Thursday, October 19, 2017

A Case of Bigamy

This tombstone is found on the hill in Smithland Cemetery, which overlooks the Ohio River where it merges with the Cumberland River in Livingston County, Kentucky. No flowers pay tribute to this child and the weathered monument gives no hint to the controversy that swirled around her parents years after the infant's birth and death.




Memory
of
Miss Oleonder
daughter of
Thos. W. & Jane Ann
Browder Who was
born Oct. 24 &
departed this Life
Dec. 6, 1847

Thomas and Jane Ann Browder were living in the household of Richard and Julie An Weston in 1850 Livingston County. Thomas was age 25, a boatman born Kentucky and Jane Ann was age 18, born Pennsylvania. Since Julie An Weston was also born in Pennsylvania, perhaps there was a connection between them.[1]

Thomas Browder left Kentucky and went to California after the Gold Rush began.  We don't know the year he arrived in California, but a newspaper article states Thomas Browder was arrested in San Francisco in 1859 on a charge of bigamy. Pressing charges was the mother of his bride, who stated he had a wife in Kentucky, but had married the new wife, who was 16 years old,  in Santa Cruz County the previous year.[2]

Browder was arrested and his trial began in January of 1860. D.W. Patterson of Livingston County testified to having known Browder in Livingston County in 1841 or 1842. "Capt. Browder and a lady came to his home in 1848; it was understood that the lady was his wife, although he has no recollection that defendant introduced her as such."[3]  No marriage record for Thomas Browder has been found in Livingston County or in California.

The trial of Thomas W. Browder continued in California, but was later dismissed by the judge as there was insufficient testimony to warrant the case being continued.

Thomas W. Browder disappears after the trial.

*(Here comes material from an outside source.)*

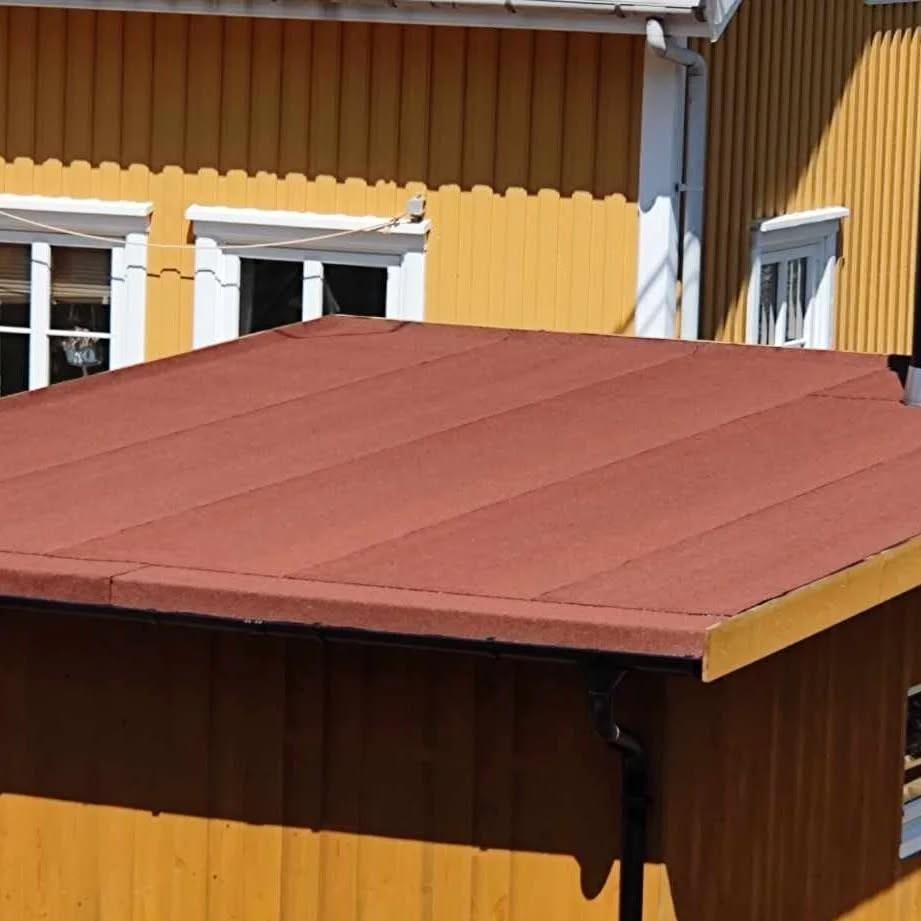 Lite tak med rød takshingel over en inngang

He does not appear in the 1860 California census records.  What happened to him?  Did he stay in California or return to Kentucky?   The only clue to his life in Livingston County is the tombstone of his baby daughter in Smithland Cemetery.





[1] 1850 Livingston County, Kentucky census, Smithland, Ancestry.com (online), accessed 10 October 2017.
[2] "Bigamy Case," Sacramento Daily Union, p. 2,  Monday, 19 December 1859.
[3] "The Bigamy Case," San Francisco Bulletin, p. 3, Saturday, 7 January 1860.